Within months of the parliament’s creation in 1999, the then Scottish Secretary, John Reid, and Jack McConnell, who was the Scottish finance minister, were dragged into a row over access to ministers.
Labelled, somewhat inevitably, “Lobbygate”, secret newspaper recordings showed Reid’s lobbyist son boasting of his links to senior Labour party figures.
Kevin Reid and a colleague from PR firm Beattie Media, which had once employed McConnell, were said to have told an undercover reporter that their relations with ministers would “make things easier” for clients.
The row led to an inquiry and proposals from the parliament’s standards committee, which were later dropped, that there be a registration scheme for all commercial lobbyists.

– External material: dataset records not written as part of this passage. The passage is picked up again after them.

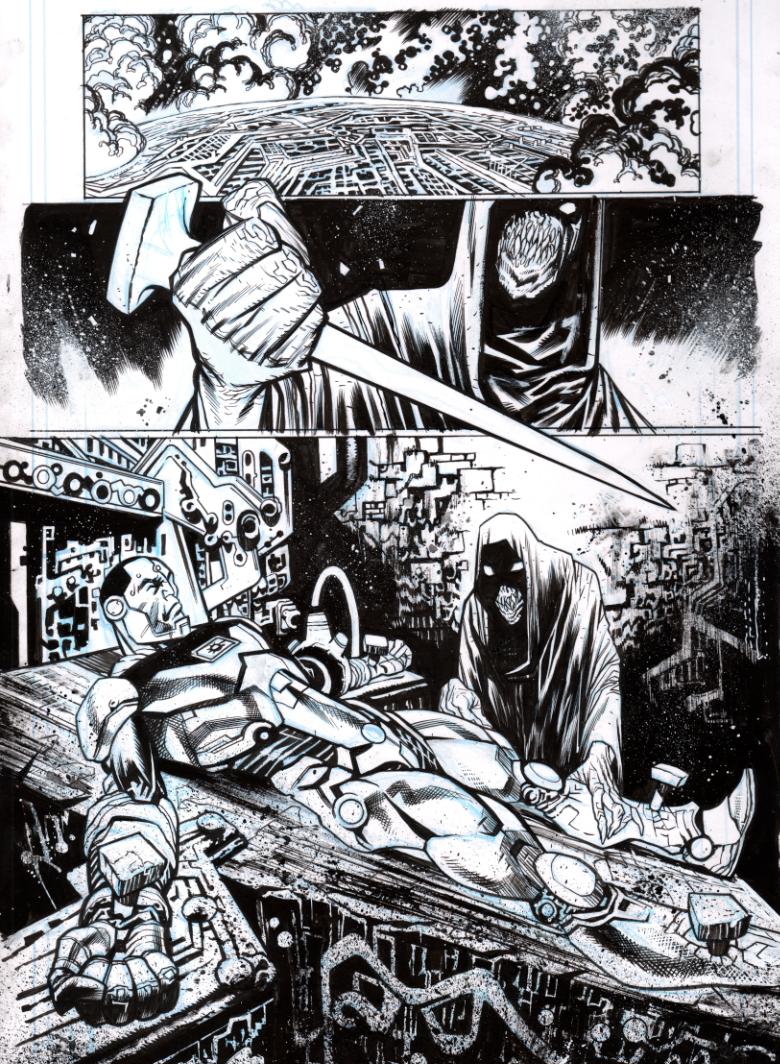 James Harren on Twitter: "Original DCeased art will be available soon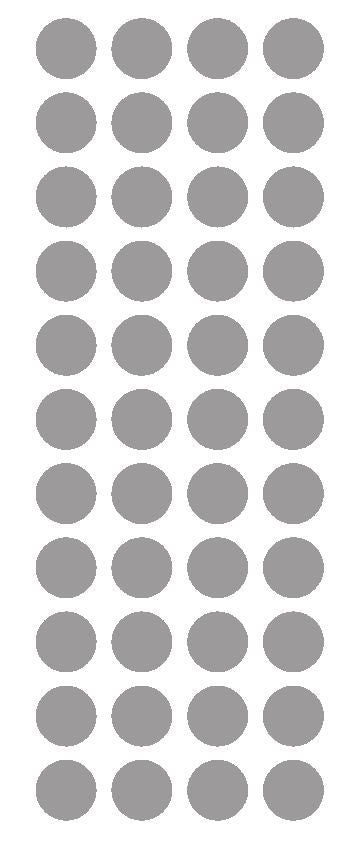 3/4" Silver Round Color Code Inventory Label Dot Stickers - Winter Park Products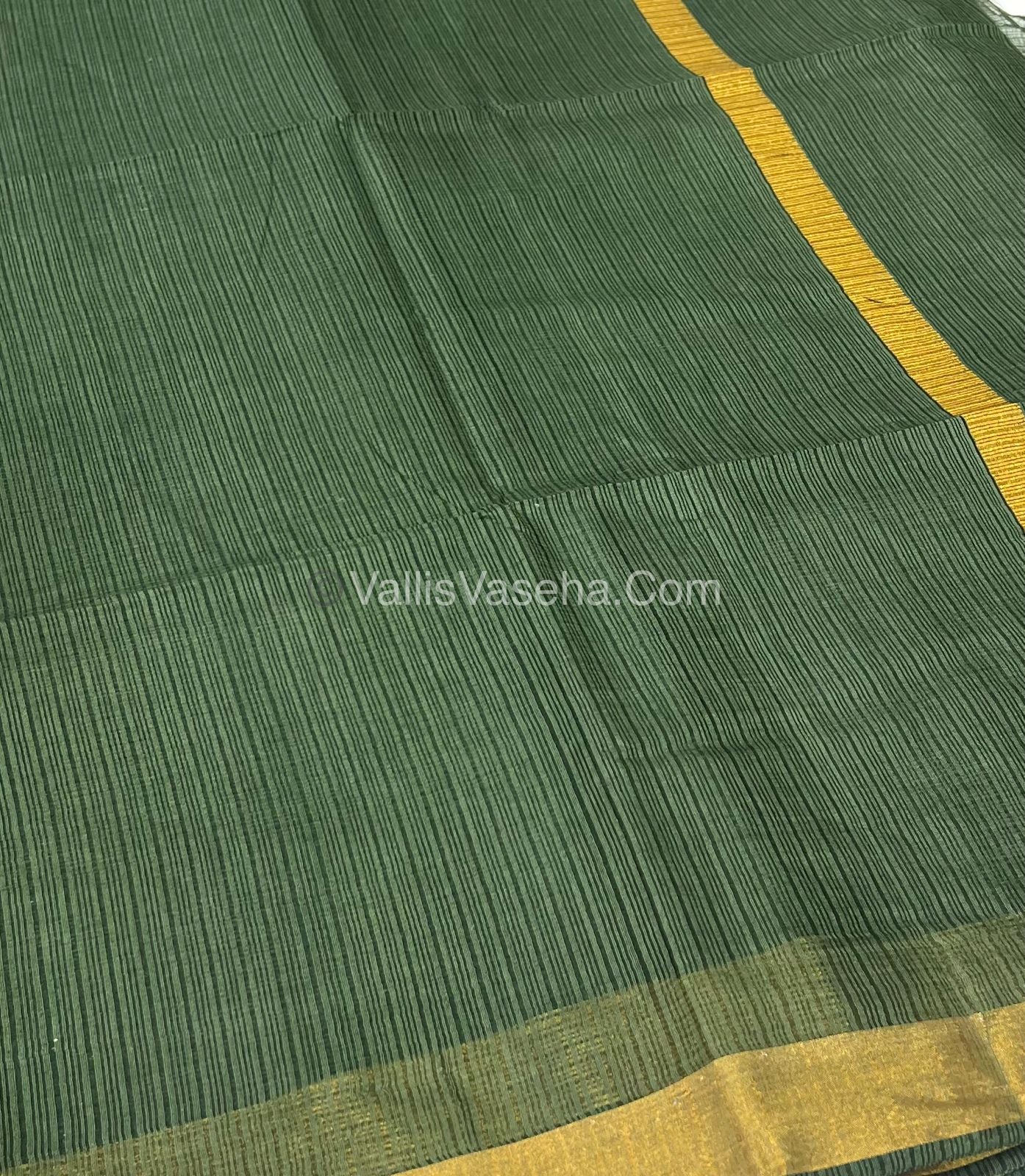 Light Weight Kota Saree - Dark Green Shade - VVKS001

In 2008, there were further calls for an overhaul of Holyrood’s lobbying rules when MSPs were found to be handing out passes which allowed unrestricted access to all areas of the parliament.
It was reported that one in five MSPs had given a “regular visitor” pass to either an interest group, a party colleague or an organisation that has given money to their party.
The publication of a list of all Holyrood pass-holders showed that nearly 90 per cent had gone to lobbyists, party colleagues or donors, despite a condition that all those receiving security clearance did so on the condition that they did not engage in lobbying.